Deterministic SIR model with R

Federica Gazzelloni

April 22, 2023

Materials

All materials we need:

sir_pkgs <- c("tidyverse","deSolve")
install.packages(sir_pkgs)

GitHub Repo: https://github.com/Fgazzelloni/sir-model-with-R/

Introduction

In this presentation, we will explore how to implement the deterministic SIR model in R, including how to simulate the model, plot the results, and interpret the output.

We will also discuss the assumptions and limitations of the model and how to extend it to more complex scenarios.

So, let’s dive in and learn more about the deterministic SIR model in R!

What is a SIR model?

  • The SIR model is a mathematical model used to describe the spread of infectious diseases in a population.

  • The model divides the population into three compartments:

    • susceptible
    • infected
    • recovered

The deterministic version of the SIR model assumes that the transmission rate and recovery rate are constant over time and that the population is homogeneous.

Modeling infectious diseases

Mathematical transmission model

\(N\) is the population, \(S\) the susceptible, \(I\) the infected, \(R\) the recovered. \(\beta\) and \(\gamma\) are the parameters, the transmission rate and the recovery rate respectively, expressed in \(day^-1\).

\[\frac{dS}{dt}=-\beta S \frac{I}{N}\] \[\frac{dI}{dt}= \beta S \frac{I}{N} -\gamma I\] \[\frac{dR}{dt}= \gamma I\]

Define the parameters

N <- 1e3  # Total population
beta <- 0.5  # Transmission rate
gamma <- 0.1  # Recovery rate

dS <- -beta * S * I / N
dI <- beta * S * I / N - gamma * I
dR <- gamma * I

Set the initial values and parameters

init_state <- c(S = 999, I = 1, R = 0)
parameters <- c(beta = 0.5, 
                gamma = 0.1, 
                N = sum(init_state))

Define the SIR model

sir_model <- function(time, state, parameters) {
  with(as.list(c(state, parameters)), {
    dS <- -beta * S * I / N
    dI <- beta * S * I / N - gamma * I
    dR <- gamma * I
    return(list(c(dS, dI, dR)))})}

Simulate the model

times <- seq(0, 100, by = 0.1)
sir_out <- ode(y = init_state, 
               times = times, 
               func = sir_model, 
               parms = parameters)

Here are some sources to look at for improving your knowledge about how to make a deterministic SIR model in R:

  1. The R Epidemics Consortium (RECON) is a group of researchers and practitioners who develop and apply computational models to understand and control infectious disease outbreaks. They have a GitHub repository with R code for simulating and analyzing SIR models.

  2. The {EpiModel} package is an R package for simulating and analyzing stochastic and deterministic epidemic models, including the SIR model. The package includes functions for parameter estimation, sensitivity analysis, and visualization.

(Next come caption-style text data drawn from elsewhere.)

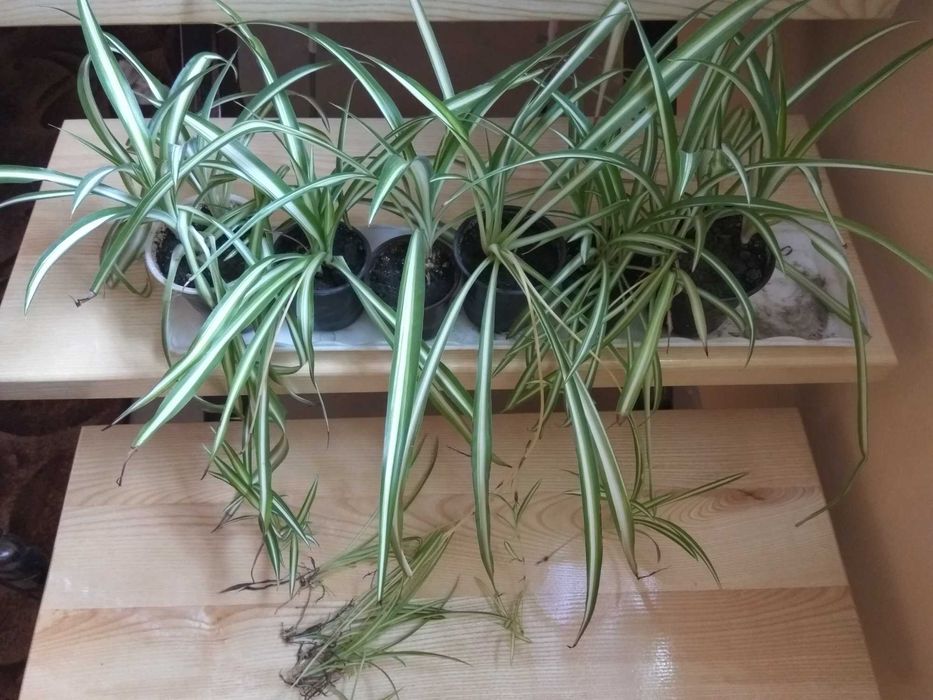 Хлорофітум. Кімнатні рослини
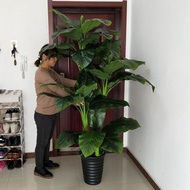 Pokok Wang Tumbuhan Hijau Palsu Lantai Berpasu Ruang Tamu Besar Bonsai Bunga Palsu Hiasan Bunga Plas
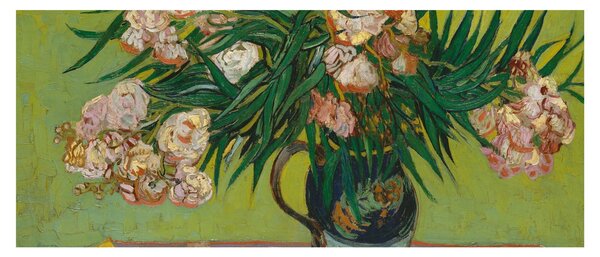 Slika - Vincent van Gogh, Oleanders, reprodukcije (120x50 cm)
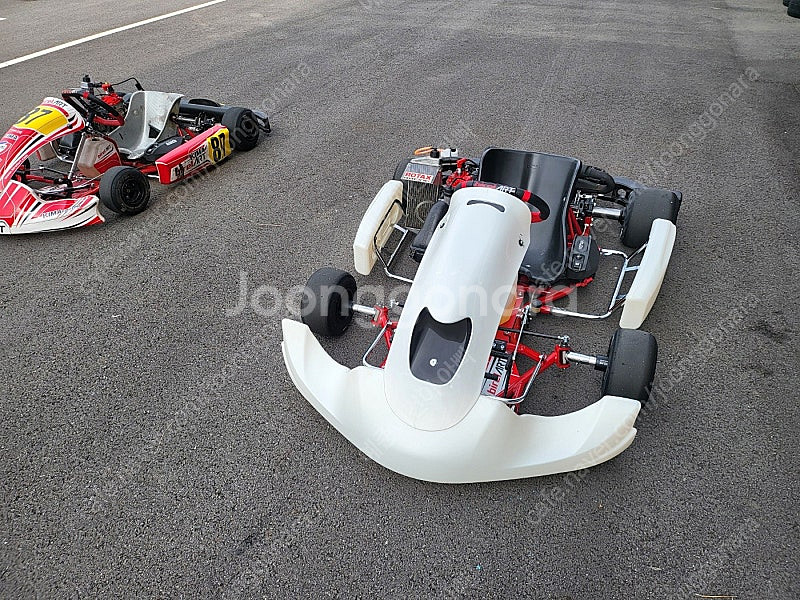레이싱 카트 판매 합니다.성인용  ((프레임_RY30-16), (ROTAX_시니어맥스 에보125마력 선수 훈련용 엔...--3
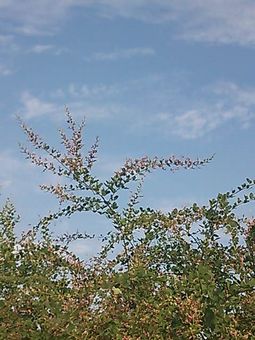 e0127625_20553055.jpg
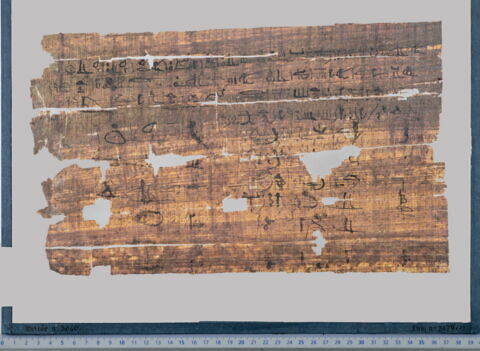 papyrus funéraire, image 1/4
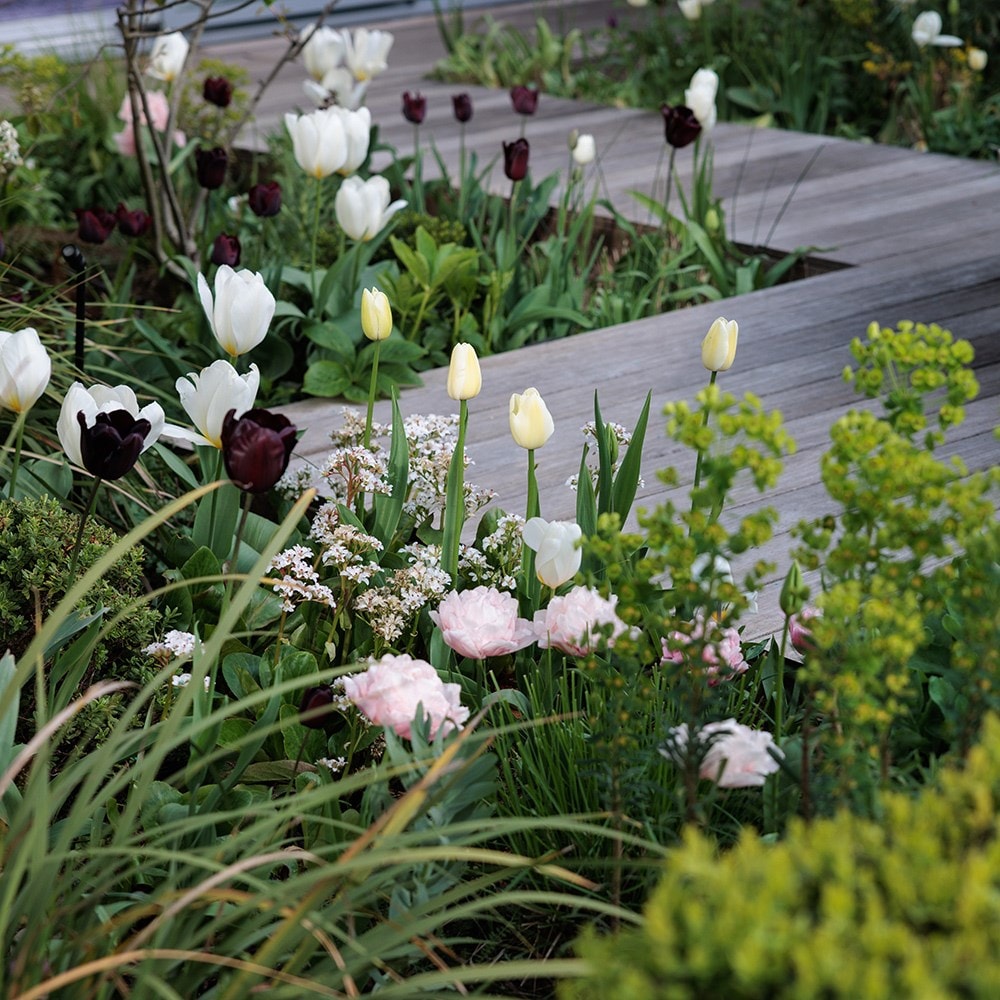 Lucy Wilcox's Contemporary pastel bulb collection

  3. The {deSolve} package is an R package for solving differential equations, which are commonly used to model dynamic systems such as the SIR model. The package includes functions for solving ordinary differential equations (ODEs) and partial differential equations (PDEs).

  4. The Epidemic Modeling with R (EMR) book provides a comprehensive introduction to epidemic modeling with R, including the SIR model. It covers both deterministic and stochastic models, as well as parameter estimation, sensitivity analysis, and model validation.

More to know

For example, the SIR (Susceptible-Infected-Recovered) model is a deterministic model that describes the dynamics of the spread of a virus, but it also includes stochastic elements such as random interactions between individuals.